CAMPAIGNERS have expressed fears for the future of Wiltshire's Air Ambulance following news that the service is to be reviewed.

Health chiefs at Great Western NHS Ambulance Service (GWAS) have refused to renew a five-year lease on the helicopter, and have offered a one-year deal instead, until a clinical review' is carried out.

Ann Levick, a non-executive director of Wiltshire Ambulance NHS Trust, has raised fears that the review could lead to the air ambulance service, based in Devizes, being replaced with a three-county service operated out of Filton.

GWAS have denied the claims, saying there are no plans to axe the service.

The present Wiltshire air ambulance, which works in conjunction with Wiltshire Police, can reach anywhere in the county within eight minutes. This would take longer if the service was operated out of Filton, north of Bristol, as Mrs Levick fears.

"They (GWAS) only want to commit to one year and this is a problem for the police," she said.

"While we have a shared venture with the police we are the only county that has seven days' coverage with 19 hours' flying.

"The alternative being considered by GWAS Trust is a dedicated air ambulance for the Great Western Trust, covering three counties and based possibly at Filton."

In response to the concerns Victoria Eld, a spokesman for GWAS, said: "We want to find the best clinical model available to improve the service to the people of Wiltshire, not remove it.

"The Filton-based air ambulance has been set up in response to an identified gap in air ambulance cover for the people of Avon. This is an addition to the air ambulance cover in Wiltshire, not a replacement."

The parents of Melksham woman Michelle Phillips, who died, aged 26, in a three-car crash in Devon in April 2004, raised more than £12,000 for the air ambulance in their daughter's memory. The service needs £350,000 of donations a year to keep going.

Mum Sandra Phillips, 60, of Halifax Road, Bowerhill, said: "We are obviously upset about it all. We are going to try as hard as we can to do our bit to save it. We have got to do this as well for Michelle. You just never know when you might need something like this."

Jerry Poolman, 46, of Codford, near Warminster, thought he would never walk again or have children after he was crushed by a half-tonne hay bale on his small farm in 1991.

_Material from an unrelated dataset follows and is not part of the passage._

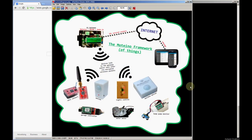Hey guys, this is Felix from Low Power Lab and in this video I would like to introduce you to the new Motino Gateway user interface that I've been mentioning for a while.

Mr Poolman, now a father-of-two, was taken by the air ambulance to Salisbury District Hospital within minutes and the prompt treatment he received meant he was taking his first steps just a couple of months later. "If it wasn't for them giving me the treatment at the time I think it would have been a different story," he said.

"When I found out the news I thought blimey, the last thing you want to do is merge it'.

"I think there will be a lot more fatalities with them not being able to get there quickly enough."